To illustrate, if the flag (e.g., the non harmonic HB flag (x) 910)
indicates that the high-band is harmonic, the noise envelope
control parameter(s) 918 (encoder) indicate that the envelope to be
applied to the noise 274 is to be a fast-varying envelope (e.g.,
the noise envelope modulator 256 can use a small length of
samples--the noise envelope estimation process for each sample is
less heavily reliant on the absolute value of the harmonic HB
Excitation's corresponding sample). As another example, if the flag
(e.g., the non harmonic HB flag (x) 910) indicates that the
high-band is non harmonic, the noise envelope control parameter(s)
918 (encoder) indicate that the envelope to be applied to the noise
274 is to be a slow-varying envelope (e.g., the noise envelope
modulator 256 can use a large length of samples--the noise envelope
estimation process for each sample is more heavily reliant on the
absolute value of the harmonic HB Excitation's corresponding
sample). In another example, the flag (e.g., the non harmonic flag
or the multi-source flag, x) indicates whether multiple audio
sources are associated with the high-band mid signal. In an example
embodiment, the non harmonic flag or the multi-source flag (x) is
used to control the noise envelope parameter 916, 1016, and the
Gain (1) and Gain(2) for the high-band exictataion generation 299,
362. The noise envelope modulator 256 may apply the envelope (e.g.,
based on the noise envelope control parameter(s) 918) to the noise
274 to generate the modulated noise 482 (encoder).
The high-band excitation 276 (e.g., a mixed HB excitation
determined based on the harmonic high-band excitation 237, Gain1
(encoder), the modulated noise 482 (encoded), and Gain2 (encoder))
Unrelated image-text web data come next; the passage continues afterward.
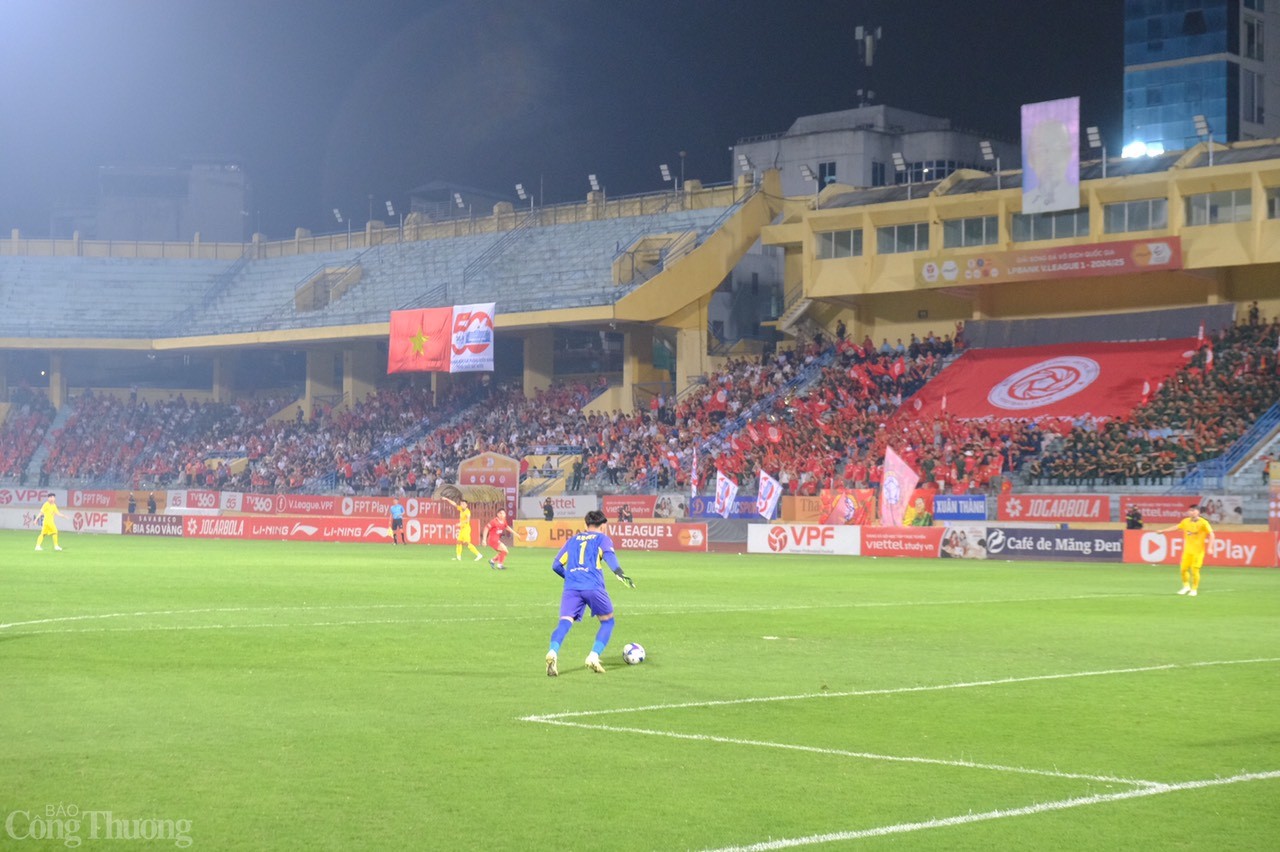 Ở phía Sông Lam Nghệ An, thủ môn Nguyễn Văn Việt, tuyển thủ U23 Việt Nam được huấn luyện viên trưởng Phan Như Thuật tin tưởng cho bắt chínhh. 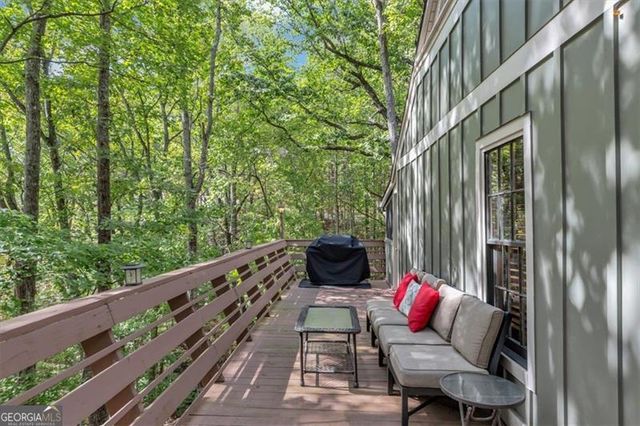 105 INDIAN OAK Drive, Waleska, GA 30183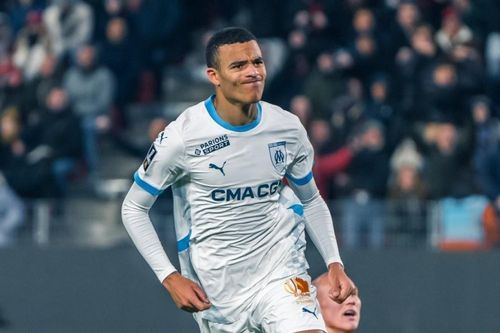 CĐV Marseille gây sức ép với Greenwood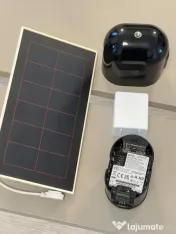 Camera Arlo Ultra 2 / panou solar 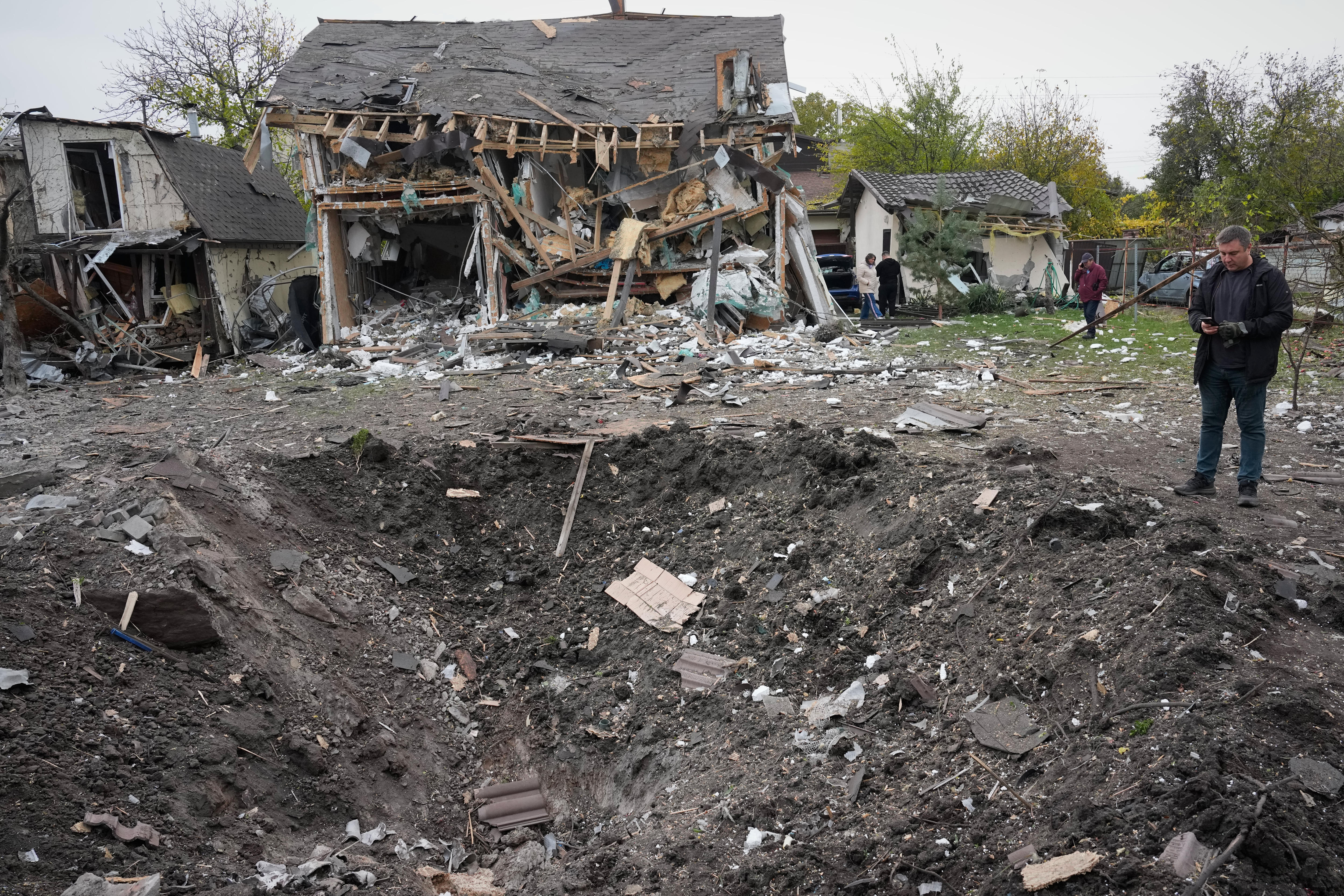 Zelenskyy says fresh Russian strikes show 'no change' in Kremlin position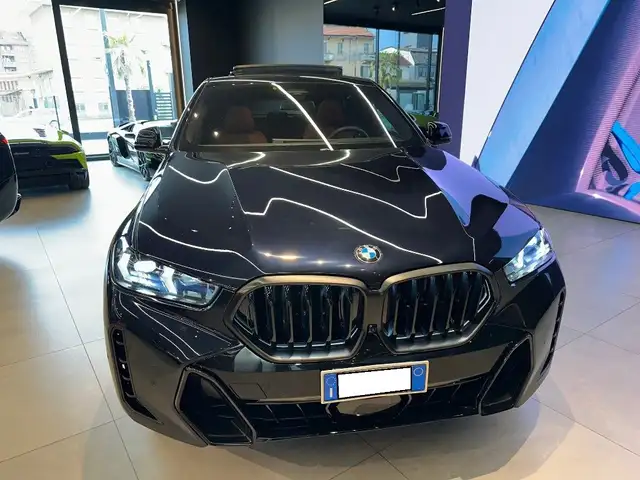 BMW X6 view 4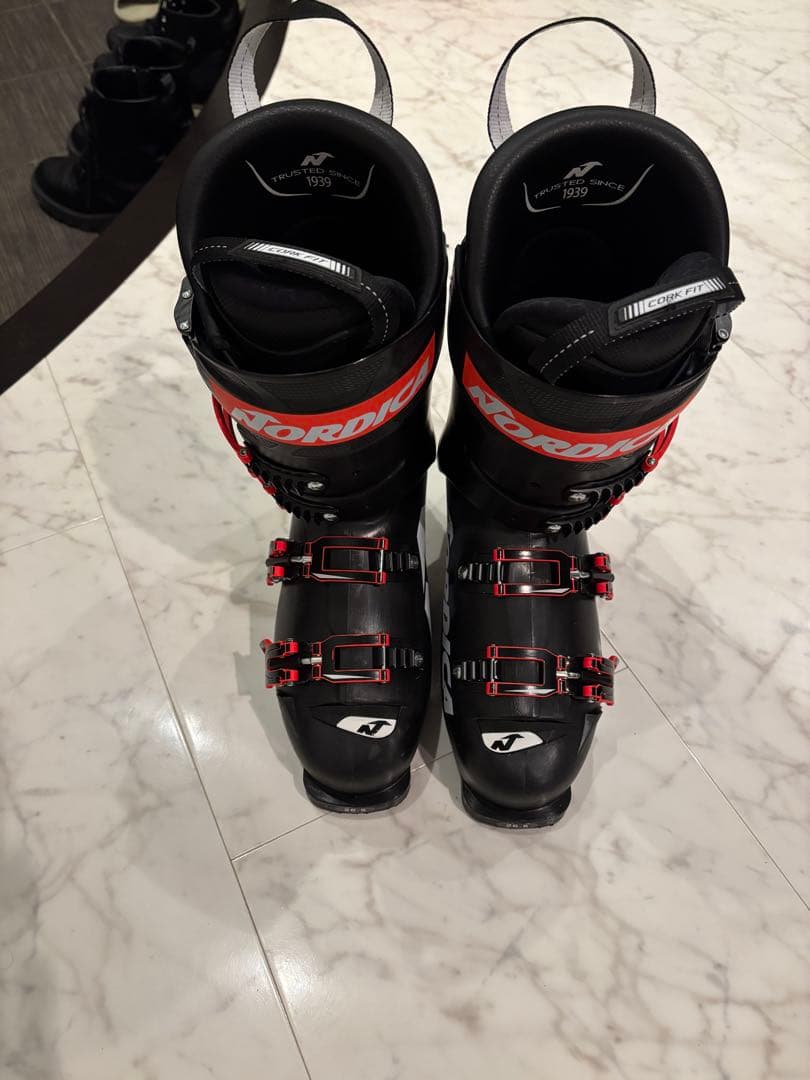 ノルディカDobermann GP130 ドーベルマン 26.5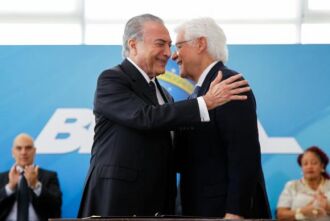 Presidente Michel Temer dá posse ao ministro da Secretaria-Geral da Presidência da República, Moreira Franco, em cerimônia no Palácio do Planalto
is used for further processing. For example, based on the high-band
mid channel 292, the encoder 900 may estimate and quantize one or
more LPCs to be applied to the high-band excitation 276 to generate
the synthesized high-band mid channel 277. Based on the high-band
mid channel 292 and the synthesized high-band mid channel 277, high
band gain shapes and high band gain frame are further extracted and
quantized for transmission to the decoder, such as the decoder 300
of FIG. 1.
The non harmonic high band flag modifier 922 is configured to
receive the high-band gain frame parameters 282 and the non
harmonic HB flag (x) 910. The non harmonic high band flag modifier
922 is configured to generate a modified non harmonic HB flag (y)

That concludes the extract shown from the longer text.